I've done a few elisas before but I've always used a protocol that was set up by someone else. Now I have my own samples and I have to see what will work for me.
My mice were orally gavaged with tobacco tissue containing an antigen and I want to see if they have had an immune response. I have three groups of mice: a) a positive control [mice injected with purified antigen + alum],
1. I will be coating my plates with purified antigen in coating buffer (carbonate/bicarbonate buffer). Is there a guideline as to how much antigen there should be per well?
2. How do I know what to use as my block? I usually use Marvel, but I've heard other people say that BSA is better. How would I check which is more appropriate for me? Is two hours block at rt enough?
3. My usual washes are 3x200ul PBST/well. As far as I can tell, this seems pretty standard. Can I leave this as it is?

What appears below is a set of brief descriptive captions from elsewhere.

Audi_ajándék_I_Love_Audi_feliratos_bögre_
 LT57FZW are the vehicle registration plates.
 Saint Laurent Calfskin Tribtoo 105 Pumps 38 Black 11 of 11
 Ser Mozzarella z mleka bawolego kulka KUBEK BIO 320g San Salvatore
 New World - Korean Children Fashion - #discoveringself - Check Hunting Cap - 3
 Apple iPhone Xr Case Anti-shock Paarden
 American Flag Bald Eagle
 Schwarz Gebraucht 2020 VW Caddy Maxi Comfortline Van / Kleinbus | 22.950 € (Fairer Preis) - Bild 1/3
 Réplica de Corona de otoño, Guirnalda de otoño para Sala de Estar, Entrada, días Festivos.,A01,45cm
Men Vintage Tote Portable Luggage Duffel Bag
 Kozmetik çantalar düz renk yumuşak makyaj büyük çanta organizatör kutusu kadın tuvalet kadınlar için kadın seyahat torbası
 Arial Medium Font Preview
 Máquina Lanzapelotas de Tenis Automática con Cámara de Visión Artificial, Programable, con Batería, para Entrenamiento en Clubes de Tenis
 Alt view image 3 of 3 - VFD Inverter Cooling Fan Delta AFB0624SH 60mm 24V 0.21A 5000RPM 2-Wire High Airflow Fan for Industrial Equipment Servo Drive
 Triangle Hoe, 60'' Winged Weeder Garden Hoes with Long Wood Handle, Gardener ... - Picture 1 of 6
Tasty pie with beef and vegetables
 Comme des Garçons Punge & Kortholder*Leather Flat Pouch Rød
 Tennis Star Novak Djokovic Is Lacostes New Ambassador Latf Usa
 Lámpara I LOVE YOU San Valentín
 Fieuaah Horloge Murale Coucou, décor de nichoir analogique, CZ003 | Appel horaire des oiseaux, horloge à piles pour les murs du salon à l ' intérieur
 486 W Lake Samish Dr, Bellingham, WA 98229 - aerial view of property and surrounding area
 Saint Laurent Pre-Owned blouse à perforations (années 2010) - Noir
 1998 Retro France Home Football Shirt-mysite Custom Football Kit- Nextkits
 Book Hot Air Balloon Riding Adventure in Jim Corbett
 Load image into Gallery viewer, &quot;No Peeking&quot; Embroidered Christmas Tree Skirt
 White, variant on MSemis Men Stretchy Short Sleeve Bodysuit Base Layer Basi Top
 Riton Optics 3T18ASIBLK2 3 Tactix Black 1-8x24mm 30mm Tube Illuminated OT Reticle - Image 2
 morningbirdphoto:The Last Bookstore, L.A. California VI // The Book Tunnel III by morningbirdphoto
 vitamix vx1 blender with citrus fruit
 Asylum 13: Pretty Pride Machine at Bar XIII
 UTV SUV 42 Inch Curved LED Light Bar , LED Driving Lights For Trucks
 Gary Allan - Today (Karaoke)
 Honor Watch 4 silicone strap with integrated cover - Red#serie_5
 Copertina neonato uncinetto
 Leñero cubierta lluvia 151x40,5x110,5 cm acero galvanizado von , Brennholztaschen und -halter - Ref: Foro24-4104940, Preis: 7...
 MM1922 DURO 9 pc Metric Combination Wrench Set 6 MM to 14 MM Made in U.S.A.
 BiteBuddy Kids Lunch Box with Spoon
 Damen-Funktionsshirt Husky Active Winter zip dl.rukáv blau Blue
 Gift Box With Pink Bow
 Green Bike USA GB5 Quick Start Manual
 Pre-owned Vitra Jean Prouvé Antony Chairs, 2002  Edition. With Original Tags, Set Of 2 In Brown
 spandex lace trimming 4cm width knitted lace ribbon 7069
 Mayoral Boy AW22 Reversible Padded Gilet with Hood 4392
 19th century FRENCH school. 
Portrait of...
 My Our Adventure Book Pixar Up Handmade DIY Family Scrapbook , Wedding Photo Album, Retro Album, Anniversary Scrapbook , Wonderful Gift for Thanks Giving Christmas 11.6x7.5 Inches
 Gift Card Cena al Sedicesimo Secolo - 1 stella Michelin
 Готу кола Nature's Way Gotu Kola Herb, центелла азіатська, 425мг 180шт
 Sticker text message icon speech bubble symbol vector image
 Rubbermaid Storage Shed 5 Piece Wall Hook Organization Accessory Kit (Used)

4. What sort of dilutions of my sample should I be using? Should I start at 1:50 and just keep going to see what sort of absorbance values I get to start off? Should I leave my serum on the plate overnight or will a few hours at rt do? I don't mind it taking the extra day if longer is better, I really just want to get this optimised as quickly as possible.
5. My antibodies (anti-mouse IgG1 and anti-mouse IgG2a) are recommended to use anything between 1/1000 to 1/10,000. What is the best way to determine the best concentration? Would it be enough to coat a plate with normal mouse serum and then try different concentrations of the antibodies to see if they plateau off?
Thanks for any help you can give. This is my last big experiment before starting the big bad thesis so I appreciate anything you can suggest to get me there a little quicker.